Contracts

Drafting an enforceable contract is not as difficult as it seems. Although it is nearly impossible to think of every issue that could arise, there are standard provisions that can protect you (or your business) from getting sued. A few easy steps can help minimize the potential problems with drafting a complete and enforceable contract.

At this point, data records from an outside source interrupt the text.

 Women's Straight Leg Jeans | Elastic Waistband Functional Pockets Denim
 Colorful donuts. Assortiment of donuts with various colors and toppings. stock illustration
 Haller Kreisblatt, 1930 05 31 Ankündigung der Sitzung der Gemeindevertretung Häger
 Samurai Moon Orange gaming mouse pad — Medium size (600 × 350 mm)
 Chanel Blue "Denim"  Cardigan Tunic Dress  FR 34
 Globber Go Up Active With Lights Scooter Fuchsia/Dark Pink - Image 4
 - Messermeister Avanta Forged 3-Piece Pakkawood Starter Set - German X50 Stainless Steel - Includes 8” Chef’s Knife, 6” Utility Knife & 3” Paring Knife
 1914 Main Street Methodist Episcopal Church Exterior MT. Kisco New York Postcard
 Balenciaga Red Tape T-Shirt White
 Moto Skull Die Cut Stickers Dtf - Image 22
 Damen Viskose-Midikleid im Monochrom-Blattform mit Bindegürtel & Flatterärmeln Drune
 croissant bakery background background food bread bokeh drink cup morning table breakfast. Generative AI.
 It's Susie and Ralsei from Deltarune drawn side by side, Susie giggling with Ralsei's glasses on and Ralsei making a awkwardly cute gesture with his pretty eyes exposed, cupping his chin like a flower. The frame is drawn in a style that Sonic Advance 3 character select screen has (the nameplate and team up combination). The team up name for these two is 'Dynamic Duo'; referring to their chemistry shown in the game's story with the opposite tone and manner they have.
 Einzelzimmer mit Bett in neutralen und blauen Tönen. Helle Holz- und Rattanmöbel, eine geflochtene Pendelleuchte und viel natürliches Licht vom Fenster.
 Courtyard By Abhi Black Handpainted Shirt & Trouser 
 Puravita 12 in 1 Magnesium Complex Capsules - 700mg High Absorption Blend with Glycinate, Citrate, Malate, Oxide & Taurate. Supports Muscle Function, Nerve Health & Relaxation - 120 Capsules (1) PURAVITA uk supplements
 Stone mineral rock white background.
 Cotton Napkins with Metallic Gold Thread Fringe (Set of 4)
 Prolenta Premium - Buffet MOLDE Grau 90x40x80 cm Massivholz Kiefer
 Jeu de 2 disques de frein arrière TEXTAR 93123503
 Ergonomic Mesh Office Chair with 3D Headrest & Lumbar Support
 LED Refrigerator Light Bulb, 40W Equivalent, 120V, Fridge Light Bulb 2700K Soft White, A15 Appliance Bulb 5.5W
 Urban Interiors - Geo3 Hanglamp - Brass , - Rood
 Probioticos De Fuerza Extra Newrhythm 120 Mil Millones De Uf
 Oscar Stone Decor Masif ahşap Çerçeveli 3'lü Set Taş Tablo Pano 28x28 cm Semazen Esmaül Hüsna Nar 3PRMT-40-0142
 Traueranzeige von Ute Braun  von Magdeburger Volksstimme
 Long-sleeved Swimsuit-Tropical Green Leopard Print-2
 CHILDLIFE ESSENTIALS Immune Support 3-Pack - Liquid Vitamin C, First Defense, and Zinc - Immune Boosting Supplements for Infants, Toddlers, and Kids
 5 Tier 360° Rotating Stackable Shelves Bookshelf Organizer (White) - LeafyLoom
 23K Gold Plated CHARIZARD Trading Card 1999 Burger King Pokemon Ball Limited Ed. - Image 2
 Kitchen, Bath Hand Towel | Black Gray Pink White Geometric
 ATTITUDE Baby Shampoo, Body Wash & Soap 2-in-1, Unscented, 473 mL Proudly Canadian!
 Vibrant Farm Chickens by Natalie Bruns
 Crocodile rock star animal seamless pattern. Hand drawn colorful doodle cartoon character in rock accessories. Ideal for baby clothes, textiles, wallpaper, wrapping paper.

Below are a few suggestions and provisions we recommend on including in your contract:

  1. Put your contract in Writing: I cannot stress this enough! Memorialize your agreement to avoid issues in the future. There is no good reason not to do so.
  2. Identify the Parties: Clearly set forth all the parties to the contract. What is your part? What is the other party’s part?
  3. Define what each party is required to do: Clearly set forth all the parties to the contract. What is your part? What is the other party’s part?
  4. Include all key terms: For a contract to be enforceable, it’s necessary to set forth all key and material terms. Ask yourself: “who, what, when, where and why” so to speak. This will avoid having the agreement deemed unenforceable.
  5. State the timing and performance: Set forth all of the material terms of the agreement; such as the timeframe of the agreement; what each party is expected to do; etc.
  6. Determine a dispute resolution method: If desired, set forth whether disputes should be arbitrated, mediated or resolved in court.
  7. Prevailing party clause: Decide if you want an attorney’s fee clause entitling the prevailing party to the dispute their attorney’s fees and costs.